Sevgi Gönül Binası’nda ziyaretçilerini ağırlayan eserler, MÖ 6000’den, Bizans döneminin sonuna kadar Anadolu’da yaşayan uygarlıkların kültürünü yansıtıyor.
Kronolojik bir düzende sergilenen eserlerin arasında gezinirken, uzun uzun durup düşünmeden ve o günlere gidip gelmekten kendimi alamadım.
Pişmiş toprak ya da metal kaplar, figürinler, ritüel semboller, cam eserler, sikkeler, süs eşyaları, tabletler ve heykeltraşlık eserleri ile mezar stelleri bu bölümde sergilenen eserler arasında yer alıyor.

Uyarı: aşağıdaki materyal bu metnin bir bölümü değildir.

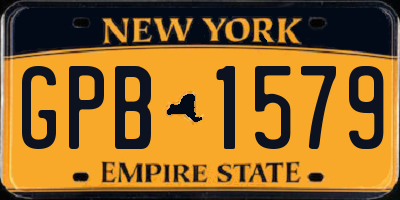 NY license plate GPB1579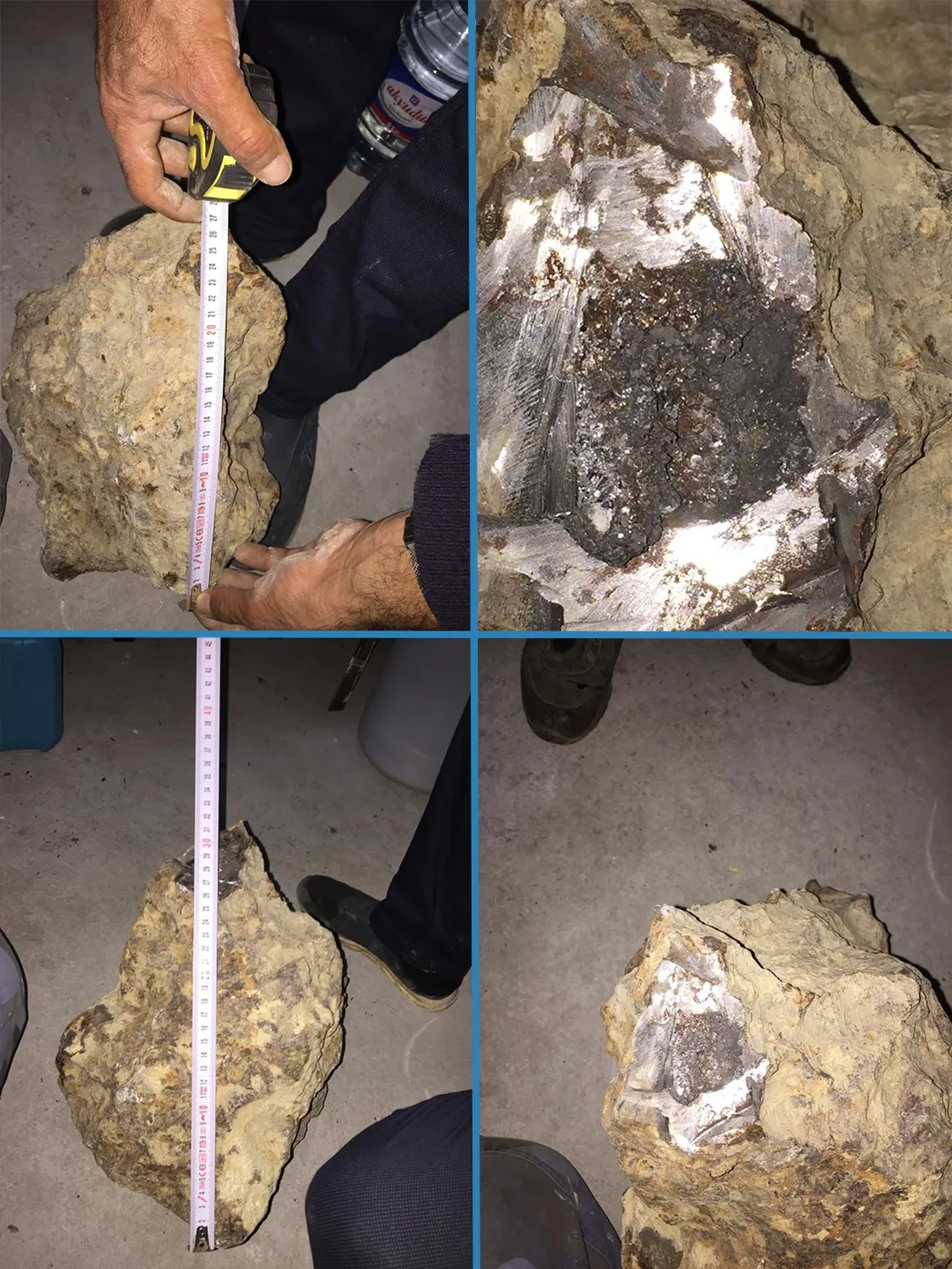 Çorum'da bulunan gök taşının 180 bin dolara satıldığına ilişkin haberlere yalanlama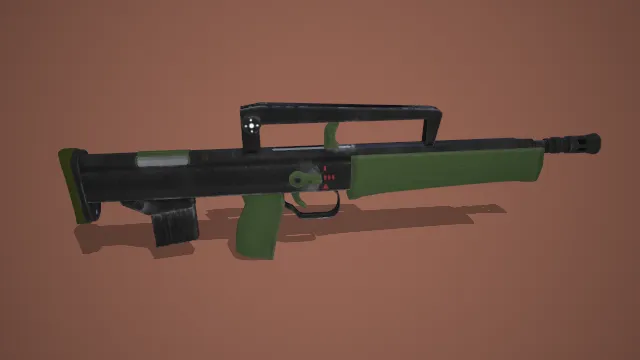 步枪 枪械 武器模型 pbr模型 游戏模型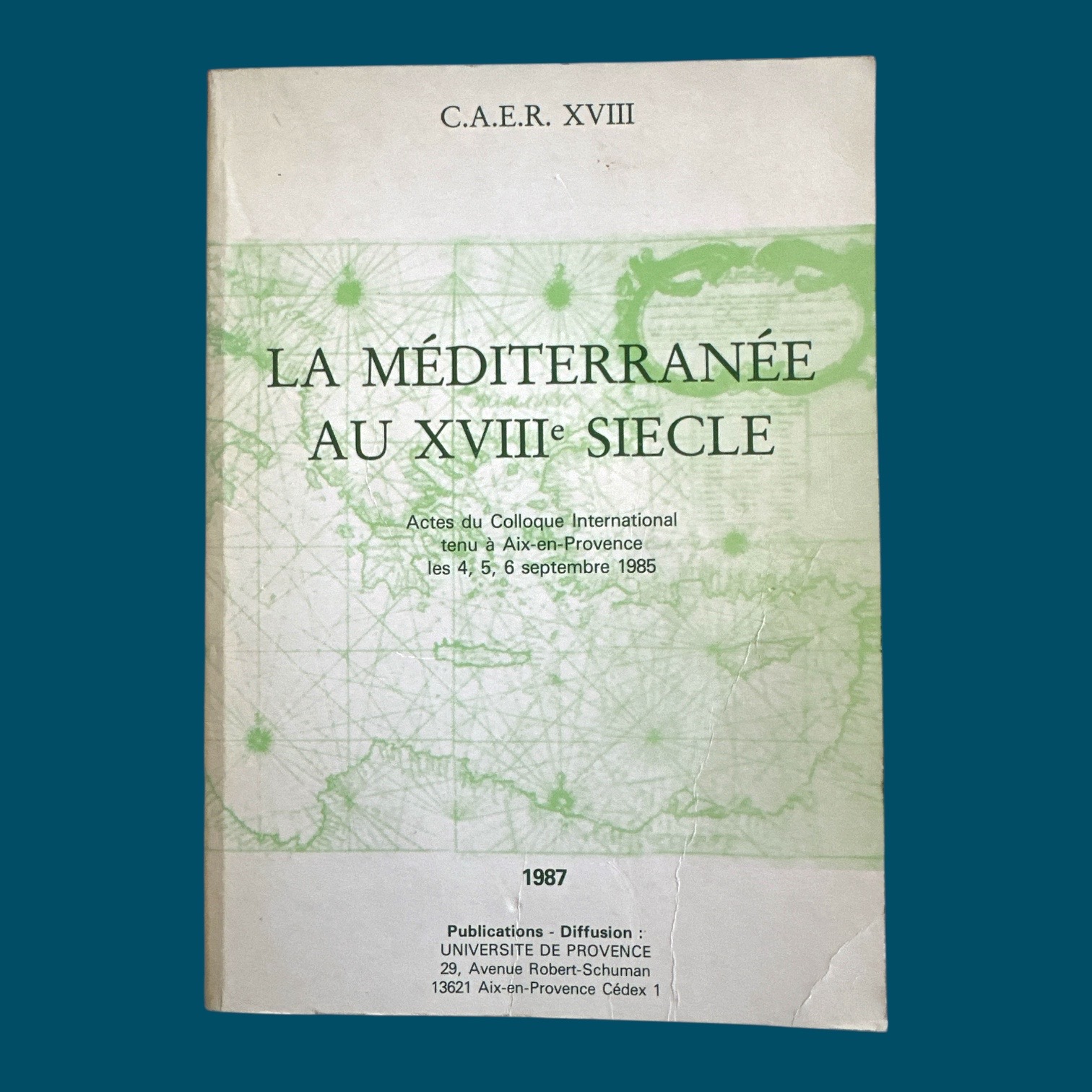 La Méditerranée au XVIIIe siècle (145x210mm)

Birinci kat vitrinlerinde Prehistorik ve Protohistorik dönemlere ait eserler sergilenmekte ve bu katta Neolitik dönemden başlayan kronolojik sergileme Frigler’e ait eserler ile son buluyor.
Bilindiği üzere Neolotik Çağ veya diğer bir adıyla Cilalı Taş Devri, önceki devirlere göre daha sert ve daha düzgün taş aletlerin yapıldığı bir devirdir. Topraktan veya kilden yapılan kaplar ateşte pişirilmiş, bunun sonucunda seramik sanatı başlamıştı.
İkinci kat vitrinlerinde Miken, Geometrik, Arkaik, Klasik ve Hellenistik dönem eserleri yer almakta ve son olarak 3’üncü katta da Roma ve Bizans dönemlerine ait eserler sergileniyor.
Bu tip zengin müzeler, insanın gelişimini yakınen görmemiz açısından çok büyük önem arz etmekle birlikte, eski çağları, dönemleri de yakından tanımamıza neden oluyor. O yüzden ziyaret ettiğim bölgelerde bulunan arkeoloji müzelerini mutlaka ziyaret etmeye çalışıyorum.